Er trieb, wie alle diese Kaufleute, oder besser Krämer, an den Indianischen Grenzen, oder selbst in den westlichen Ansiedelungen, fast nur Tauschhandel und gab für Felle und geräuchertes oft auch frisches Fleisch, für Pelze und gegerbte Häute, für Bärenöl und Honig, wieder solche Waaren, deren die Indianer bedurften, als Pulver und Blei, Decken, Eisenwaaren (wie Tomahawks und Messer), Büchsen, Zinober, Glascorallen etc. etc.; sein Haupthandel bestand aber in dem verbotenen Whiskey[1], den er um so theuerer an die Indianer abließ, da diese wußten, daß es ihm durch das Gesetz von seinem großen Häuptling verboten war, ihnen das „fließende Feuer“ weder zu schenken noch zu verkaufen. Er hielt auch aus dem Grunde die Fässer unter dem Haus vergraben, hatte jedoch in diesem abgelegenen Theil des Staates wenig Nachsuchung zu fürchten. –

Der Alte saß vor der Thür seines kleinen Waarenlagers und schaute, behaglich rauchend, einem Volk großer schwarzer Truthühner (aus Eiern der wilden auferzogen) zu, die um ihn herum die zerstreuten Körner und Saamen aufpickten, als den kleinen Fußpfad entlang, der aus dem Walde gerade auf sein Haus zuführte, unser schon vorher eingeführter Indianer schnellen Schrittes daher kam und tief Athem holend seine Last zu den Füßen des Jankee’s[2] abwarf.

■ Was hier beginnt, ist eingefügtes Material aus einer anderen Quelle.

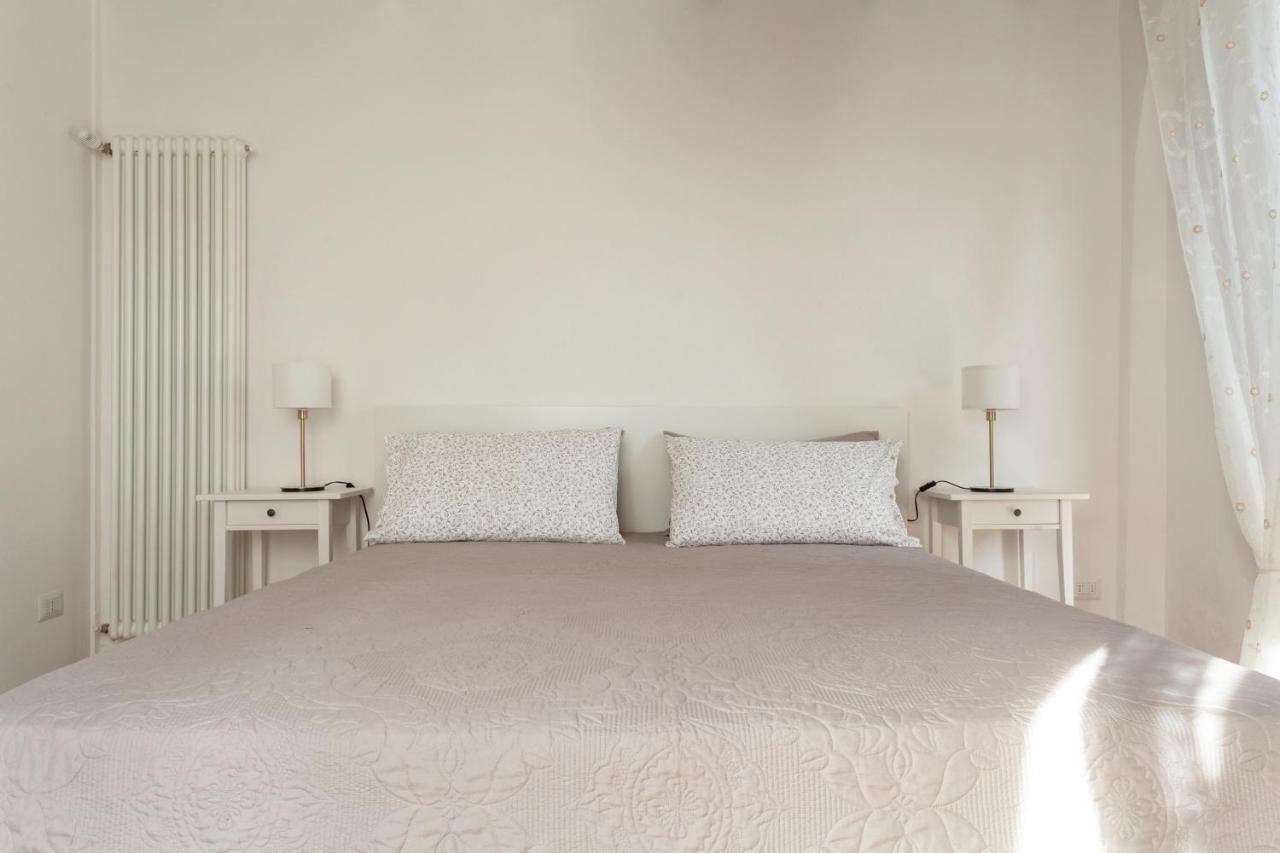 A Central Quiet Place In Βερμπάνια Εξωτερικό φωτογραφία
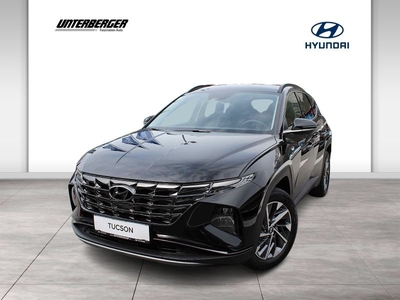 Hyundai TUCSON NX4 GO 1,6 TGDi 4WD t1bg1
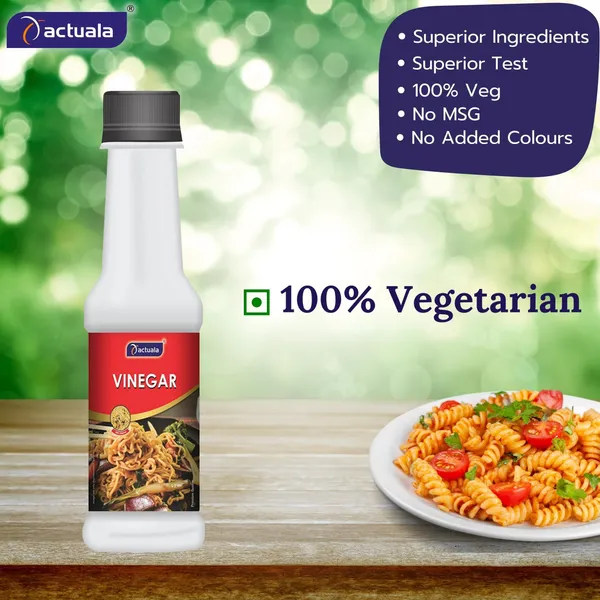 Aactuala_Pack_Of_5_(200G_Each)_Vinegar_(5_X_200_G)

„Hallo Tom,“ rief dieser, dem Wilden die Hand entgegenstreckend, „hast wacker getragen! Nun, was bringst Du? zwei Felle und ein Stück roh Fleisch? – bah! ist das die ganze Jagd?“

„Gut – setze den Fall, Ihr geht – nehmt Flinte – kriecht durch Büsche – kriecht durch die Prairien auf Bauch weit – weit – schleicht an Hirsch – setze den Fall, Ihr schießt nichts!“ erwiederte Tom.

„Wohl möglich!“ lachte der Alte, „ich müßte mich auch gut ausnehmen, wenn ich im nassen Grase auf dem Bauche herumkriechen wollte – nein – nein; ich bin übrigens nie ein Jäger gewesen und das einzige Große, was ich je geschossen habe, war bei St. Louis eine von meines Schwagers Kühen, als wir ein Mal Nachts mit der Fackel eine Feuerjagd machen wollten.“

Der Indianer grinste. „Euer Schwager wird recht Freude gehabt haben,“ fuhr er nach einer kleinen Pause wieder ganz ernsthaft fort.

„Ja! Er schwur, ich dürfe nie wieder eine Büchse anrühren, so lange ich mich in der Nähe seiner Kühe und Schweine befände – nun ich war damit zufrieden – aber, Tom, was führt Dich zu mir? was willst Du für Deine Felle haben? soll ich denn das Fleisch auch behalten?“

„Guter, fetter Bock,“ sagte Tom, den Hirsch herumdrehend, daß der Alte den breiten Rücken sehen konnte, – „nicht so breit wie Ihr!“ fuhr er grinsend fort, „aber viel breit, sehr viel breit.“

„Nun gut, komm! trag es hier in den Laden, da kann ich Dir gleich was Du dafür haben willst geben,“ erwiederte Jener und schritt ihm voran in das kleine Gebäude, während der Indianer seine Schrotflinte auswendig daran lehnte und ihm mit seiner Beute folgte.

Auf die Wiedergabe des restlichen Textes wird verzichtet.